Focus of Rust evolution

This is to continue the discussion started by @leonardo in the effects system thread, which I think deserves more thought than fits in a quick OT:

As someone who also works on scientific computations, I can totally understand this perception/frustration. I think it ultimately boils down to several mutually related factors:

  1. The current population of Rust designers and users
  2. The design and evolution philosophy of the Rust language

When it comes to population, I hope I will surprise no one by saying that the current Rust community is not heavily focused on number crunching.

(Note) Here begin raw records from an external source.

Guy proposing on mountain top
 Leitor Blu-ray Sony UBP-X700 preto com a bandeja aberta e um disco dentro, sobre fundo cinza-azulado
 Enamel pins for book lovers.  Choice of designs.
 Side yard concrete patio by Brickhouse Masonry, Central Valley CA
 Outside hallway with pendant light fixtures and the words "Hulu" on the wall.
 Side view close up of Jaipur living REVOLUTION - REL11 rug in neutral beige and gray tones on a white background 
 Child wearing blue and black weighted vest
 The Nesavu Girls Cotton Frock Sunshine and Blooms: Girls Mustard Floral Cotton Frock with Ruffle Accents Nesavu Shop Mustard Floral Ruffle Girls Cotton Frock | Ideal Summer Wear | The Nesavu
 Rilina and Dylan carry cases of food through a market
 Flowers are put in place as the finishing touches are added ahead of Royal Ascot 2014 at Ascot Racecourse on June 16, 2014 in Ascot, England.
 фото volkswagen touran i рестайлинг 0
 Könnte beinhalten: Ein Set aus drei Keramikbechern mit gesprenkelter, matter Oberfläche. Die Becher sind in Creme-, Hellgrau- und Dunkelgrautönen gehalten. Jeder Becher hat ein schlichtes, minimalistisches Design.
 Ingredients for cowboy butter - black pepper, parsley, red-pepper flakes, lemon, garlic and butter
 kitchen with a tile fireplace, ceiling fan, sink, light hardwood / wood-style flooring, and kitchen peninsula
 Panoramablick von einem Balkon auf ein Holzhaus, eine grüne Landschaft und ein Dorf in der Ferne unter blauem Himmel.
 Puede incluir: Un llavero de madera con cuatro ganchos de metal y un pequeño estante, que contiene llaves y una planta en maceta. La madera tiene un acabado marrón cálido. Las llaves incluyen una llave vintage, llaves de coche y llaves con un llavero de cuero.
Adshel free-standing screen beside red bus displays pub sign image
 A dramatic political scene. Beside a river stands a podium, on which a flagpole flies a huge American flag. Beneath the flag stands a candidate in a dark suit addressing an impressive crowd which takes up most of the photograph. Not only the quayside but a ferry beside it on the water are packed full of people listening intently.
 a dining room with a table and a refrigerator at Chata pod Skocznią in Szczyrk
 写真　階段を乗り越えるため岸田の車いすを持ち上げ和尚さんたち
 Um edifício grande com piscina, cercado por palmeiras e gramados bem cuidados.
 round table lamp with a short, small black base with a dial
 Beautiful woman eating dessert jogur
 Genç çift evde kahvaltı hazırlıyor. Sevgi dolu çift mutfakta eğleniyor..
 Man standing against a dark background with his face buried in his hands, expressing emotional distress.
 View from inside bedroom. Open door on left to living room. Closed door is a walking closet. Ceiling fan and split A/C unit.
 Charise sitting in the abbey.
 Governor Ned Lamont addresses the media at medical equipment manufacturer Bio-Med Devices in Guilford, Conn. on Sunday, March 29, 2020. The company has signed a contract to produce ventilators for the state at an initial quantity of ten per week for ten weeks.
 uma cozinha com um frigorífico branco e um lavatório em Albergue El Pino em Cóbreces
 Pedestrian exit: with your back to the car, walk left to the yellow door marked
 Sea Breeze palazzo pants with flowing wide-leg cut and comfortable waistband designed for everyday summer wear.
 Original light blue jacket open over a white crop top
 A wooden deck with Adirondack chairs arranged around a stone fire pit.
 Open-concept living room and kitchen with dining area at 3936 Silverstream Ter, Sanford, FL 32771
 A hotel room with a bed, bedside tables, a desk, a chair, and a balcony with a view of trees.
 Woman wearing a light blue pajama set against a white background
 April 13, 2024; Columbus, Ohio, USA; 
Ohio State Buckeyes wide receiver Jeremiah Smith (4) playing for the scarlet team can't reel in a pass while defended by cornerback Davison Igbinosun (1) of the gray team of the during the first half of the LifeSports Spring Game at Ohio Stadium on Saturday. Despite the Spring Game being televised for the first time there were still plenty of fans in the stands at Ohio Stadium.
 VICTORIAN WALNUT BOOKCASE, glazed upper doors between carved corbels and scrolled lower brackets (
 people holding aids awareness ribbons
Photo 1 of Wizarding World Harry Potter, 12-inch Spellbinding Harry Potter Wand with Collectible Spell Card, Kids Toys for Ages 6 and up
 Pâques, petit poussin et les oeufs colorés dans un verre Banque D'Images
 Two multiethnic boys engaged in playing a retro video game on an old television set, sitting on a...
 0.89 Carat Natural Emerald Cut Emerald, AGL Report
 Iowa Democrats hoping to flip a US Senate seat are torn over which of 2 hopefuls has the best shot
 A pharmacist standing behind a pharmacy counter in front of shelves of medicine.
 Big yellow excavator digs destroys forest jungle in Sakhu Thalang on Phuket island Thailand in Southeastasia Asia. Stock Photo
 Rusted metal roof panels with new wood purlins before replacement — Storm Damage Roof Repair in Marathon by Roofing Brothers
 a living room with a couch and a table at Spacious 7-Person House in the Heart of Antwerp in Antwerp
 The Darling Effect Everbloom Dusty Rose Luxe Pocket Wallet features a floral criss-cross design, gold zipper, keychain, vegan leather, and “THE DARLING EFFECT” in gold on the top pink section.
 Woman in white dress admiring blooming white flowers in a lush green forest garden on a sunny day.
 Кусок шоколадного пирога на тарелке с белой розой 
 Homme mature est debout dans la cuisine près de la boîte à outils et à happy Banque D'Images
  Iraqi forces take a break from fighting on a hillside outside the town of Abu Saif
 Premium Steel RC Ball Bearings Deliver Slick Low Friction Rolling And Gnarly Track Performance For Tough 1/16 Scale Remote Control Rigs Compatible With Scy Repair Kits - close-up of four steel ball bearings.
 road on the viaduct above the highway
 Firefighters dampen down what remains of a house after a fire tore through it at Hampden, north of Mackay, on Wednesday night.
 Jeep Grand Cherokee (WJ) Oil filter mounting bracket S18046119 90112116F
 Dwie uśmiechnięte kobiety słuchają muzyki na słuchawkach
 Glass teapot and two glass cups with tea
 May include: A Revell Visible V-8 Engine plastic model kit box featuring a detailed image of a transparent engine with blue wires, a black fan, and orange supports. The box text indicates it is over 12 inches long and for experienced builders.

From my totally biased view of the u.r.l.o discussion topics, I get the impression that the community of Rust users is currently largely focused on...

  1. Web development (mainly back-end, but with growing front-end interest)
  2. System infrastructure (CLI tools, multimedia libraries, or more radically embedded/OSdeving)
  3. Game development (and more generally interactive GPU-intensive programs)

The composition of the user base naturally impacts the focus of the language's development in every area: which features are requested, how likely each feature is to be welcome, who is ready to design and implement stuff, and in the end what actually gets done.

It also affects library development, and eventually leads to survivor bias: the users who are most likely to stick around are those whose profile best fits Rust's current community and development directions, which in turn further increases the language's momentum in that direction.

To phrase it otherwise, since arrays are a pain in Rust right now, people who care a lot about them are unlikely to stick around long enough in order to push the language in a direction that makes them more pleasant to use. Unless, of course, they have other interests that Rust caters to better. For example, speaking personally, I love lock-free algorithms and system tools, and Rust is a joy for that.


When it comes to technical direction, Rust has so far taken the Haskell approach of trying to do as much as possible in libraries using few powerful language abstractions, rather than the Ada/C# approach of bundling direct support for identified use cases into the language using many focused abstractions.

What this effectively means is that use cases like number-crunching cannot be directly improved upon, and must instead await the completion of more complex language features that will take a lot more time to get done, such as const generics. More radically, some of Rust's broadly beneficial design choices can be directly antagonistic to "direct" number-crunching usability, interactions of borrow checking and bounds checking with array indexing being an easy example. If you're doing something like 2D stencil computations in Rust, you'll probably want to do it via high-level abstractions rather than talk to the language directly.

This "library-first" strategy of Rust has some justifications though. Languages which evolve through single-purpose features, like Ada and C#, tend to age badly. Related but disjoint features quickly pile up and increase the language's spec complexity, resulting in unpredictable interactions, that make the languages hard to learn and hard to implement. This, in turn, leads the community to take a very defensive stance towards language additions, which ultimately causes stagnation since the missing features cannot be easily implemented in libraries. Ada is unfortunately already there, and I expect C# to get there when it will reach the same age.

Hopefully, Rust's focus on library-building tools and will lead it to age better than that. If it does not become an expert-only language whose complex abstract concepts are impenetrable to all but a very small elite beforehand, that is.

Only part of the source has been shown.